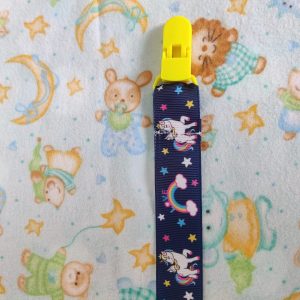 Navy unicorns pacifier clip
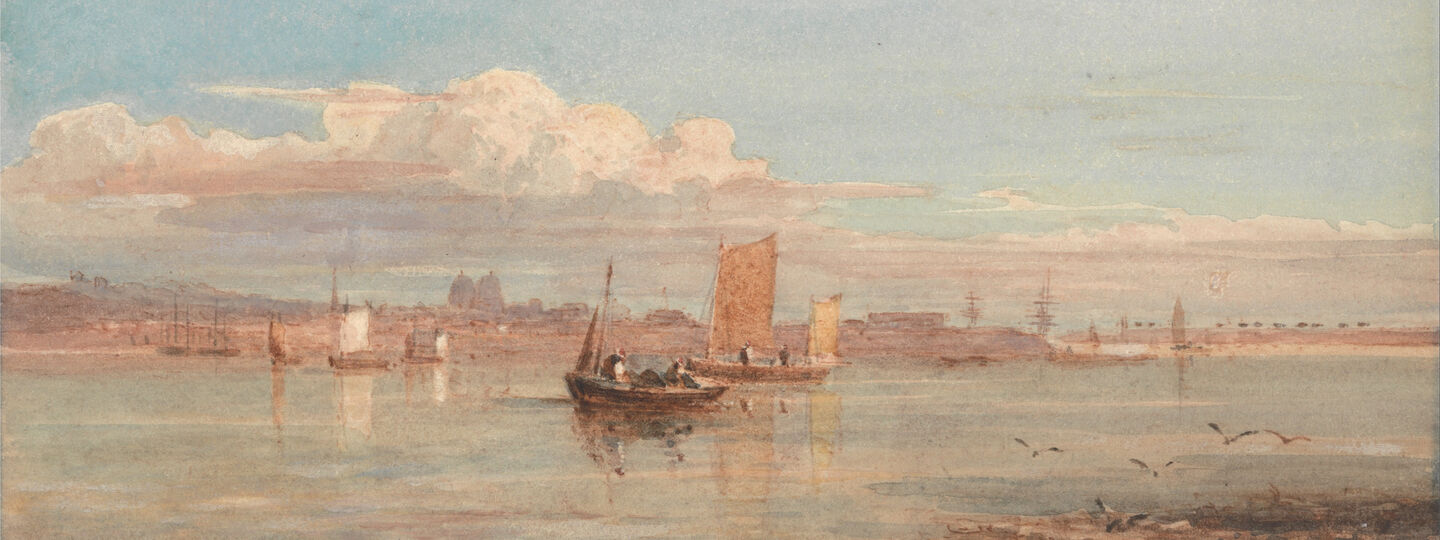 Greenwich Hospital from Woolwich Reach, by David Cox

..............................

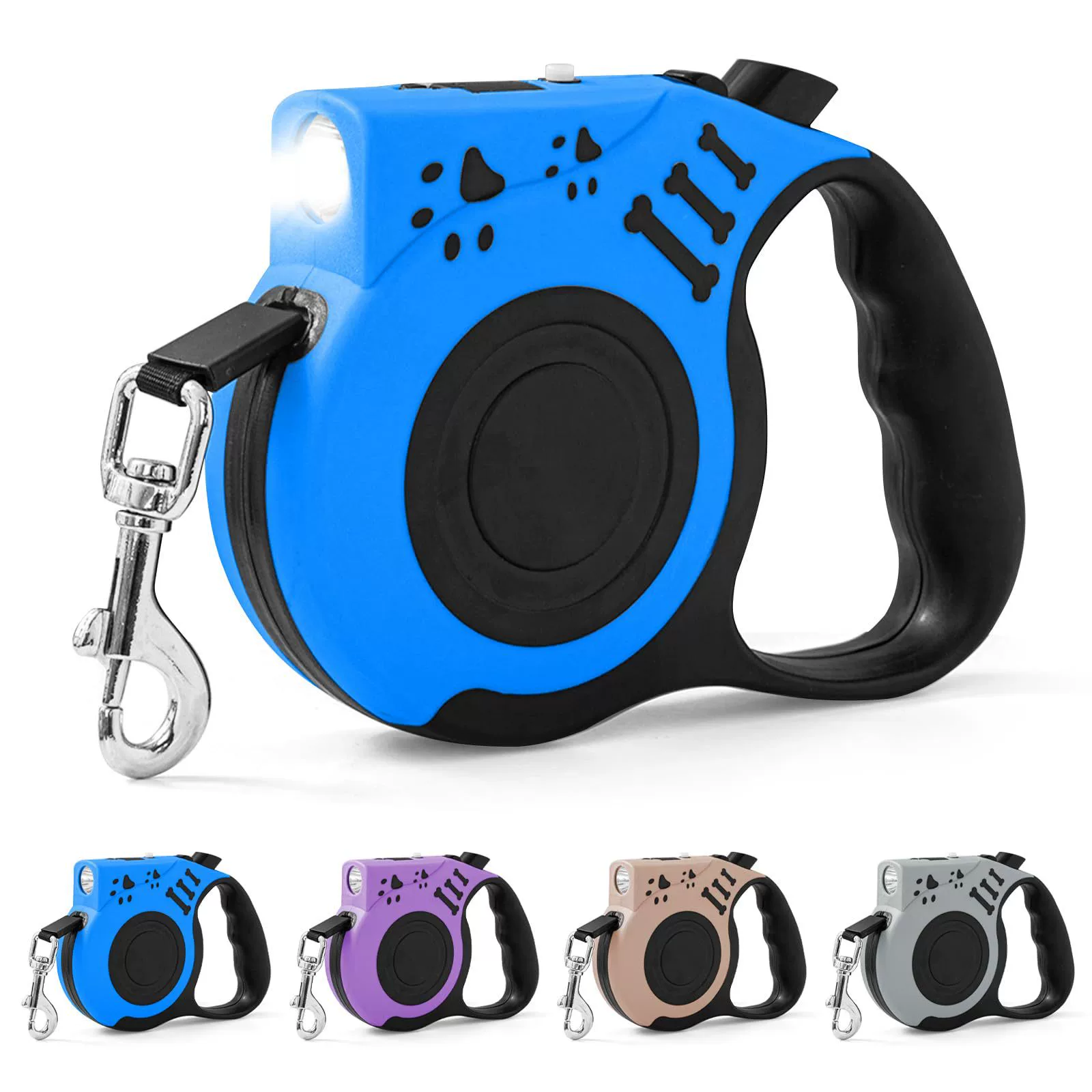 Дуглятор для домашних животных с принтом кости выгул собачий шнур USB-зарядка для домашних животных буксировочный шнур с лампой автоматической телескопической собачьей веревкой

..............................

Task details: Among the entries above, find the line with "Navy unicorns pacifier clip" and repeat exactly from there through the line with "Greenwich Hospital from", leaving out the pictures.

Task result:
 Navy unicorns pacifier clip
 Greenwich Hospital from Woolwich Reach, by David Cox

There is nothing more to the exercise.